(Short descriptive text snippets)

_ _ _ _ _ _ _

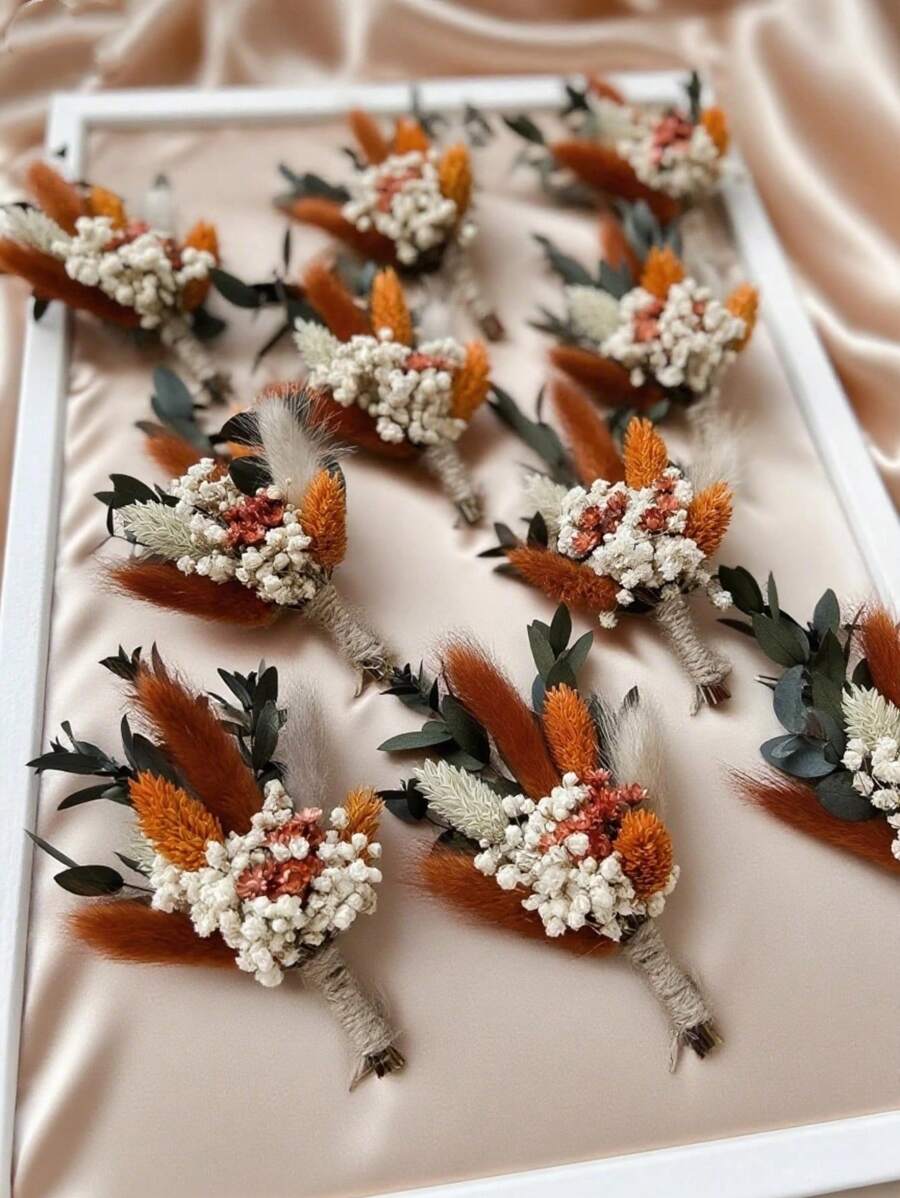 Conjunto bohemio de mini ramos de flores secas | Arreglos en botellas pequeñas | Decoraciones de mesa | Regalo en caja con iniciales, decoración de otoño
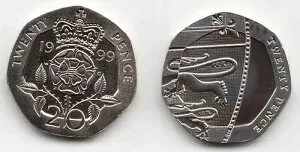 英国20ペンス硬貨ロット ? 6枚 (1991年、2002年、2003年、2005年、2014年×2枚) ? 英国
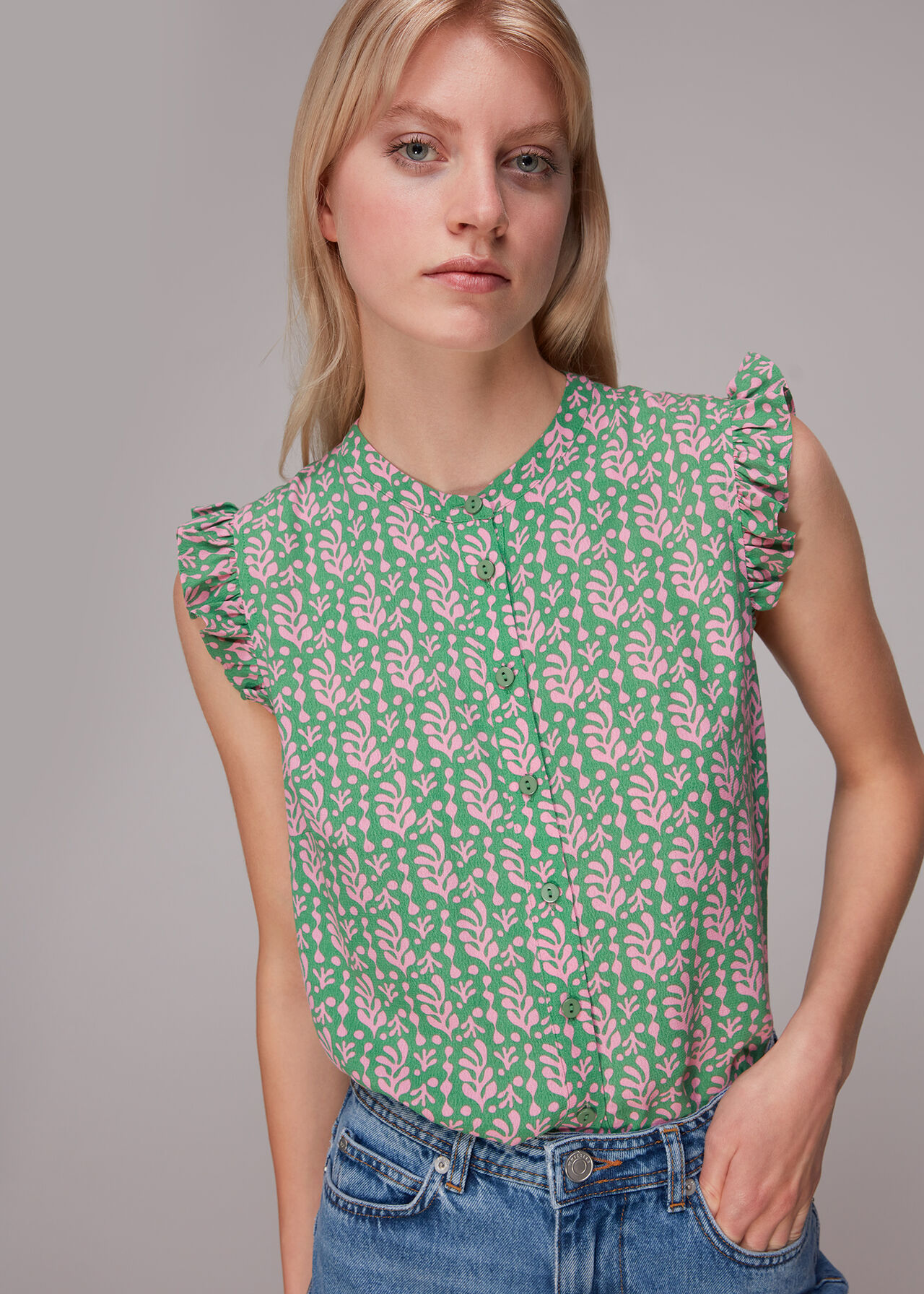 Green/Multi Cut Out Leaf Frill Blouse | WHISTLES | Whistles UK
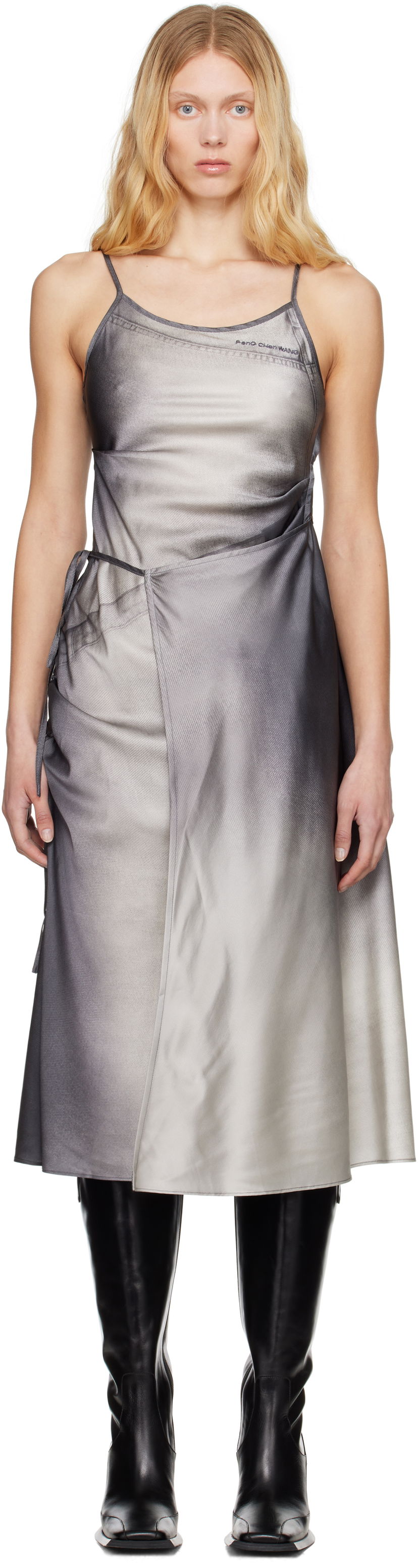 Haljina Feng Chen Wang Feng Chen Wang Draped Midi Dress Siva | FWS19DR01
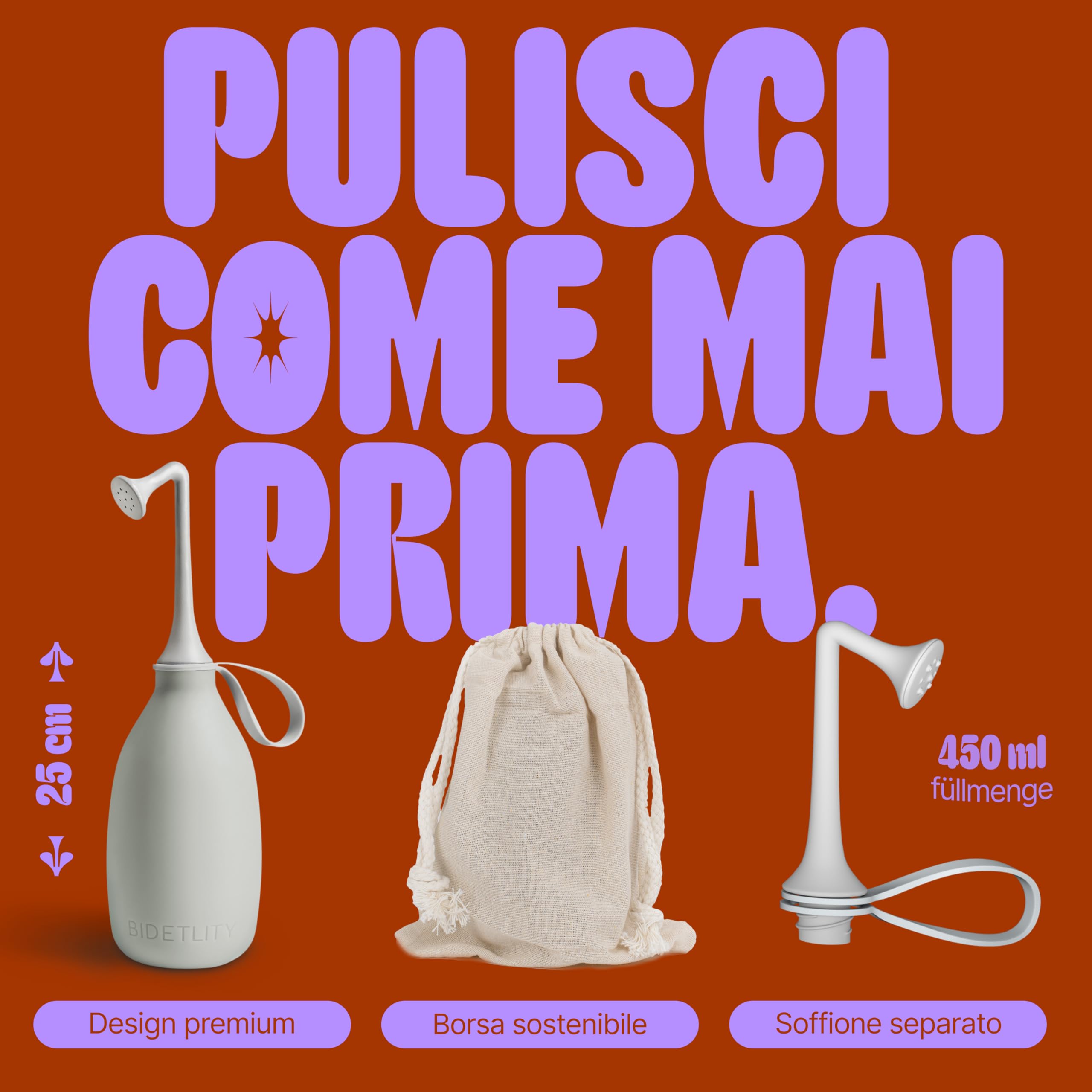 Doccia Intima 3.0 – Bidet da Viaggio Mobile, Doccia Intima Sostenibile, Nuovo Soffione, Risparmia Carta Igienica, Borsa Inclusa, Senza BPA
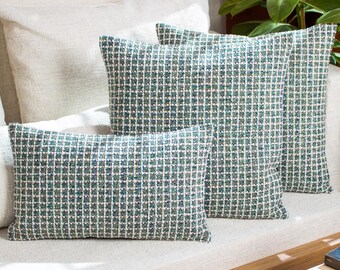 Grüne Tweed Kissenbezüge 3er Set: Geometrische Wollmischung, 20x20 & 12x20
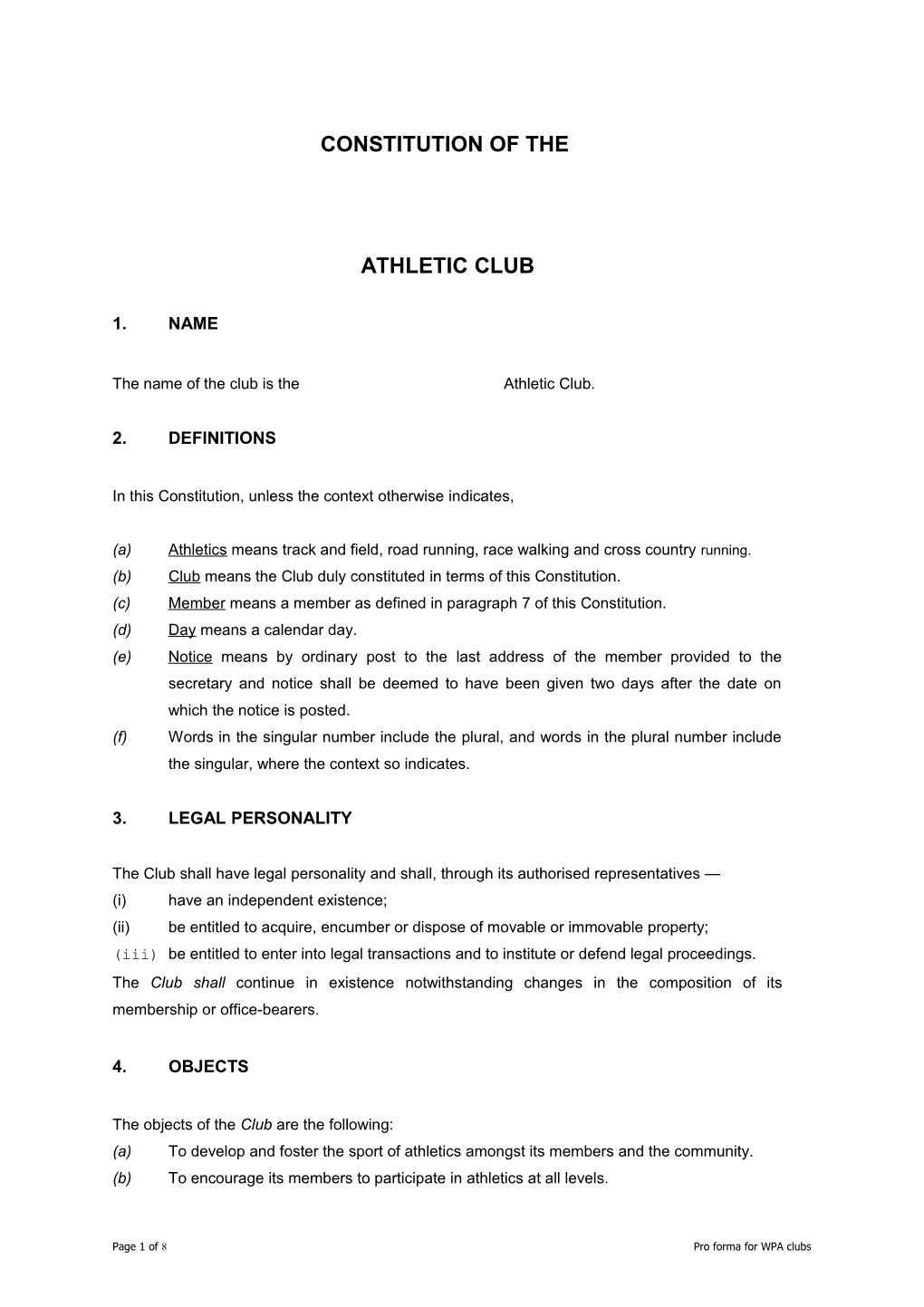 Constitution of the Uct Athletics Club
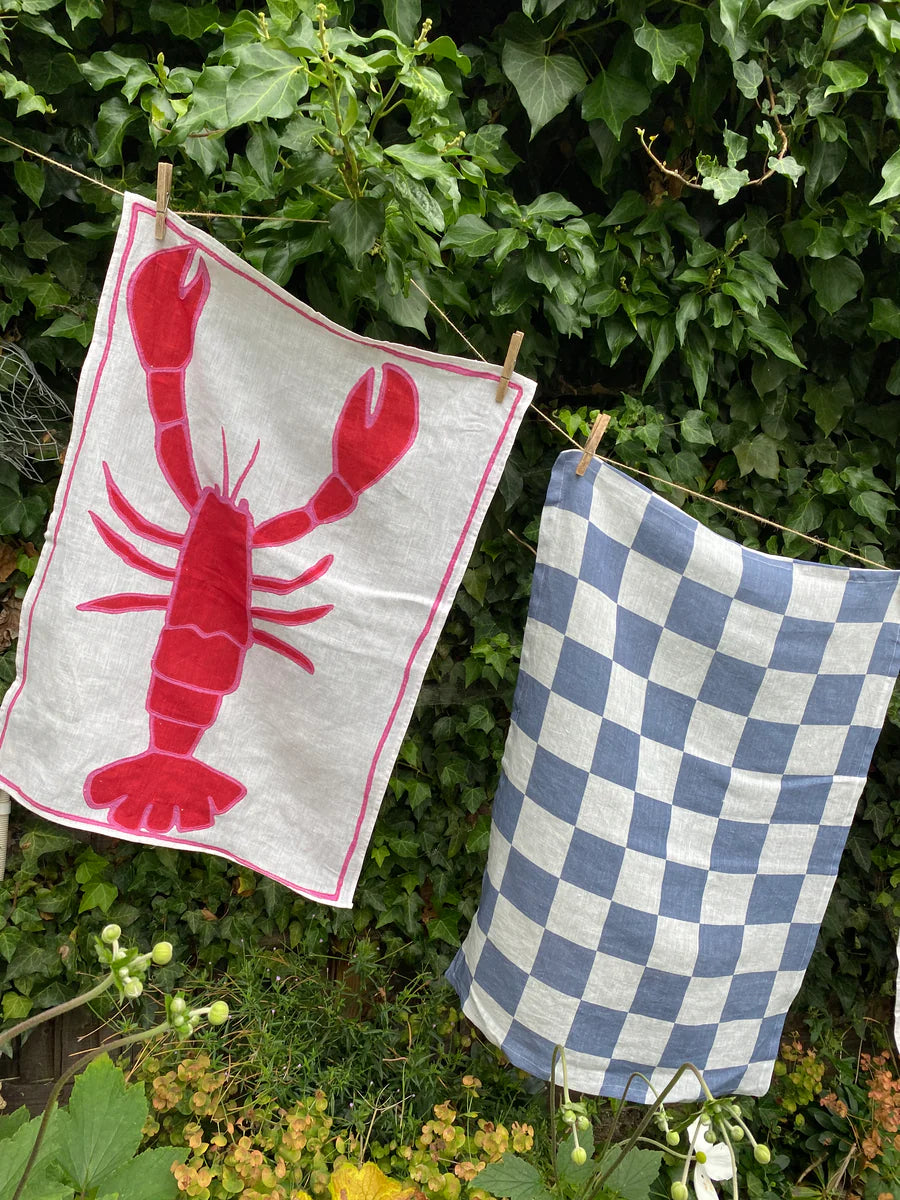 Amuse la Bouche Linen Tea Towel - lobster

_ _ _ _ _ _ _

PROBLEM |
Write every entry out again exactly, images omitted.

REPLY |
 Conjunto bohemio de mini ramos de flores secas | Arreglos en botellas pequeñas | Decoraciones de mesa | Regalo en caja con iniciales, decoración de otoño
 英国20ペンス硬貨ロット ? 6枚 (1991年、2002年、2003年、2005年、2014年×2枚) ? 英国
 Green/Multi Cut Out Leaf Frill Blouse | WHISTLES | Whistles UK
 Haljina Feng Chen Wang Feng Chen Wang Draped Midi Dress Siva | FWS19DR01
 Doccia Intima 3.0 – Bidet da Viaggio Mobile, Doccia Intima Sostenibile, Nuovo Soffione, Risparmia Carta Igienica, Borsa Inclusa, Senza BPA
 Grüne Tweed Kissenbezüge 3er Set: Geometrische Wollmischung, 20x20 & 12x20
 Constitution of the Uct Athletics Club
 Amuse la Bouche Linen Tea Towel - lobster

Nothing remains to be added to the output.